### SOURCE DATA
= Beginning of Section =
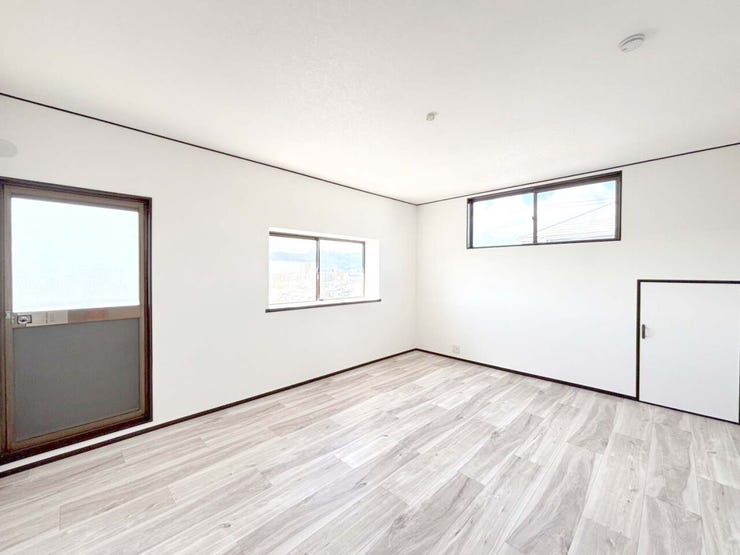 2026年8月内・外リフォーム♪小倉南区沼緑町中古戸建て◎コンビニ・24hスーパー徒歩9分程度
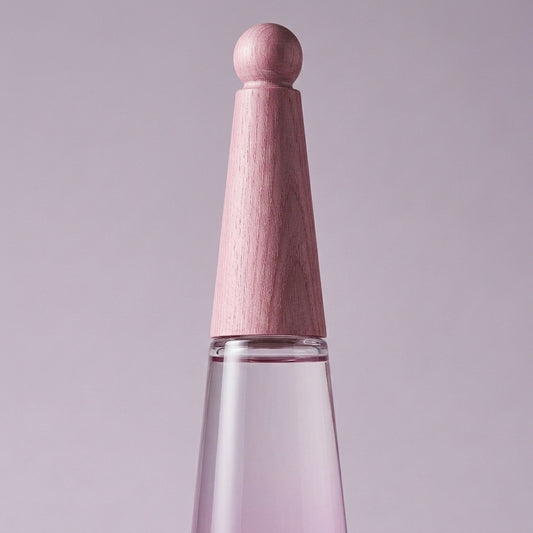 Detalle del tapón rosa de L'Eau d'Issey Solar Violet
= End of Section =
= Beginning of Section =
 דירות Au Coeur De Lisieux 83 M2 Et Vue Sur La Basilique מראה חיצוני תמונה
= End of Section =
### AIM OF THE EXERCISE
Everything above from the line containing "2026年8月内・外リフォー" through the line containing "Detalle del tapón" must be repeated exactly, and the pictures must be left out.

### EXERCISE ANSWER
 2026年8月内・外リフォーム♪小倉南区沼緑町中古戸建て◎コンビニ・24hスーパー徒歩9分程度
 Detalle del tapón rosa de L'Eau d'Issey Solar Violet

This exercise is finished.